Rohingya militants known as the Arakan Rohingya Salvation Army (ARSA) had offered to pause "offensive military operations" until October 9 to give access to aid groups to address the "humanitarian crisis."
But the government bluntly rejected their proposal. Zaw Htay, the spokesman for State Counselor Aung San Suu Kyi, told CNN the government would not "negotiate with terrorists."
Suu Kyi, a 1991 Nobel Peace Prize laureate, has repeatedly come under criticism
for her lack of action to help the Rohingya, a stark contrast to her previous image as a champion of human rights.
In just one day last week, 300 boats arrived in the Cox's Bazar region of Bangladesh carrying Rohingya refugees, the International Organization for Migration (IOM) in Bangladesh says.
But many of the boats are ill-equipped for the rough seas and overloaded with people. And some don't make it.
Around 80 people have drowned trying to make it across the river - many of them women and young children, a senior Bangladeshi border guard said last week.
"No-one comes to collect these bodies. These people are so distressed, they are walking, coming across fields for five days, they hardly recognize their own relatives," said the guard, who declined to be identified as he wasn't authorized to speak to media.
Several people have also been injured or killed by landmines along the border area in Myanmar, a UN official tells CNN.
An image provided to CNN by one Rohingya activist shows a man holding two live landmines, according to security expert Chris Clark, of UK-based Dynasafe Area Clearance Group.

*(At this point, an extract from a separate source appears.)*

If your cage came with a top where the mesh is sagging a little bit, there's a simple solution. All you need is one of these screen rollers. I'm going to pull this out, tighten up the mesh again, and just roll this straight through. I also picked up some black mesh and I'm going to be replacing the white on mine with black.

At certain points along the border, thousands of people wait in limbo every day, too scared to turn back to danger, and blocked by the Bangladeshi border guards ahead.
Exhausted, hungry, and many of them injured, they rely on aid agencies and sympathetic locals to hand out food supplies to them
But after dusk, with the cloak of darkness, thousands make their move.

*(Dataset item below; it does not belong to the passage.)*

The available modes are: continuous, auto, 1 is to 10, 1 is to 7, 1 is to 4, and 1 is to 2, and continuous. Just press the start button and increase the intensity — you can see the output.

Now it seems, the only friend the Rohingya have is the night.
They arrive in Bangladesh to find what's being described as a humanitarian catastrophe
in the area of Cox's Bazar, adding to an existing Rohingya refugee population of 400,000, who fled during previous bouts of violence.

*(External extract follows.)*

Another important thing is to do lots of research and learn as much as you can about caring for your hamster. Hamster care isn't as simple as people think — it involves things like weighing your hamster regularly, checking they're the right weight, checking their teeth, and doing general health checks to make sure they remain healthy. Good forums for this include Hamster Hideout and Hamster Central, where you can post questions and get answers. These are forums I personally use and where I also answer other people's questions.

Experts at aid agencies say the two official UN-administered refugee camps and several squalid makeshift camps are already full to bursting, leaving many refugees forced to set up camp on the roadside, in the woods, or wherever they can find space to lie down.
The UN agencies along with the Red Cross, Save the Children and other charities are ramping up efforts to supply food, water, shelter and medical supplies to the new arrivals. But the need is far greater than they can keep up with.
"The humanitarian situation is distressing and the needs are enormous," Save the Children humanitarian expert George Graham says.
"Thousands of Rohingya families including children are sleeping out in the open or by a roadside because they don't have anywhere else to go."
The majority of the people arriving are women and children, aid agencies say, with many refugees reporting that their husbands and sons were taken away or killed.
"They burnt everything. They killed my husband...they beat him to death," Rohingya refugee Dildar Begum says.
Worse for those left behind
The future for the Rohingya refugees who made it to safety looks bleak. But for those left behind, it's even worse.
Many people fled to the hillside areas of Rakhine State - where an estimated 30,000 are still stranded without food, water or any options for escape.
"They will starve to death very soon," 24-year-old Mohamed Raffique told CNN by phone from inside Rakhine State. CNN is using a pseudonym as his life could be in danger.
Many others are hiding out in villages, hoping the violence will end.
"Now we have reached another village, but we don't know when they will start shooting and setting fire to our village," he says. "But we hope we will stay safe here."